Goodman & Company, Investment Counsel Ltd. - MRRS Decision

MRRS Decision

Headnote

Standard exemption from subsection 4.1(1) of National Instrument 81-102 Mutual Funds to allow the Dealer Managed Fund, as defined in section 1.1 of NI 81-102, to invest in the units of an issuer during the distribution period and the 60 days after the distribution period in which an affiliate of the Dealer Manager, as defined in section 1.1 of NI 81-102, has acted as an underwriter in connection with the distribution of the units of the issuer.

Rule Cited

National Instrument 81-102 Mutual Funds, subsection 4.1(1) and section 19.1.

December 19, 2005

IN THE MATTER OF

THE SECURITIES LEGISLATION OF

BRITISH COLUMBIA, ALBERTA, SASKATCHEWAN, MANITOBA,

ONTARIO, QUEBEC, NEW BRUNSWICK, NOVA SCOTIA, PRINCE EDWARD

ISLAND, NEWFOUNDLAND AND LABRADOR,

THE NORTHWEST TERRITORIES, NUNAVUT AND THE YUKON

(the "Jurisdictions")

AND

IN THE MATTER OF

THE MUTUAL RELIANCE REVIEW SYSTEM FOR

EXEMPTIVE RELIEF APPLICATIONS

AND

GOODMAN & COMPANY, INVESTMENT COUNSEL LTD.

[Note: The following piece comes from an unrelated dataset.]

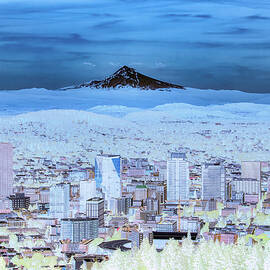 Portland Skyline by Bruce Block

(the "Applicant" or "Dealer Manager")

 

MRRS DECISION DOCUMENT

Background

The local securities regulatory authority or regulator (the "Decision Maker") in each of the Jurisdictions has received an application from the Applicant, the portfolio adviser of the Dynamic Focus+ Small Business Fund (the "Fund" or "Dealer Managed Fund") for a decision under section 19.1 of National Instrument 81-102 Mutual Funds ("NI 81-102") for:

    • an exemption from subsection 4.1(1) of NI 81-102 to enable the Dealer Managed Fund to invest in the units (the "Units") of Futuremed HealthCare Income Fund (the "Issuer") during the period of distribution for the Offering (as defined below) (the "Distribution") and the 60-day period following the completion of the Distribution (the "60-Day Period") (the Distribution and the 60-Day Period together, the "Prohibition Period") notwithstanding that an associate or affiliate of the Dealer Manager acts or has acted as an underwriter in connection with the offering (the "Offering") of Units of the Issuer under a final prospectus (the "Prospectus") that the Issuer will file in accordance with the securities legislation of the provinces of Canada (the "Requested Relief").

Under the Mutual Reliance Review System for Exemptive Relief Applications:

(a) the Ontario Securities Commission (the "OSC") is the principal regulator for this application, and

(b) this MRRS decision document evidences the decision of each Decision Maker.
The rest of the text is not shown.